Pullman.Swept by the sun, the wind, and the rain; Built by the heart and the brain For contented labor as well as for gain; Dwelling and street full of foreign faces Sullen once in alley and hovel, Far beyond seas, Where kings make the masses grovel; Now, for better or worse, For blessing or curse, Changeable, changing with American destinies. Beyond the Spanish bayonet bloom And sprawling vetch, The great shops loom and stretch, And there is room In the wide, bare yard For many a massive car Whereon the paint is growing hard Ere they rumble to regions near and far-- Gliding, creaking, rolling, lunging, Where the mountain brook is plunging While the helper engine screeches, Where the silent prairie reaches, Treeless, under the evening star.

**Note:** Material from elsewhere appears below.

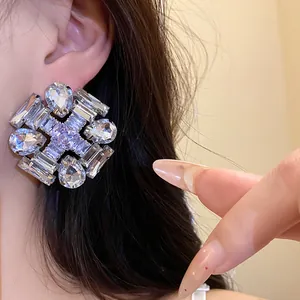 Close-up detail of luxury geometric zircon stud earring with a silver needle post.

Numbered, and named For places obscure or places famed-- Epic names of a spacious land Where the searchlights glare and the engines bellow From Atlantic surf to Pacific strand: Mt. Hood, New Amsterdam, Berkshire Hills and Pocatello, Pensacola, Bellingham, Edmonton, St. Paul, Marquette, La Jolla, Monticello, Lancaster and Everett. Spick and span! Made and mounted according to plan. A month, a year, who therein will ride? The bridegroom unto his bride; The senator in his pride; The girl from Bar Harbor, brown with tan, Returning to St. Mary's School; California's really one great man; The widow, homeward to years of dearth; The young man back from New Mexico, Still with racking cough and cheeks aglow, Whirled toward peace in his native Delaware earth; Within the stateroom a lazy fool, A praying saint in an upper berth. Now, ere the sun is set, Steal down to the marshes of Calumet; Push out in an old row-boat, Leisurely float Across the pools, among the weeds, While the red-winged blackbirds flash and sing; Lingering, Searching again and again Till--there, a nest of the tiny marsh wren, Dainty, wonderful, down in the reeds. Pullman, set in the open places, Where the riveting hammers are harsh; With its medley of many races, With its tiny birds in the marsh! __Selden Lincoln Whitcomb |
Contemporary Kansas Poetry
Helen Rhoda Hoopes
pages 124-125
(Kansas City: Joseph D. Havens Company. 1927)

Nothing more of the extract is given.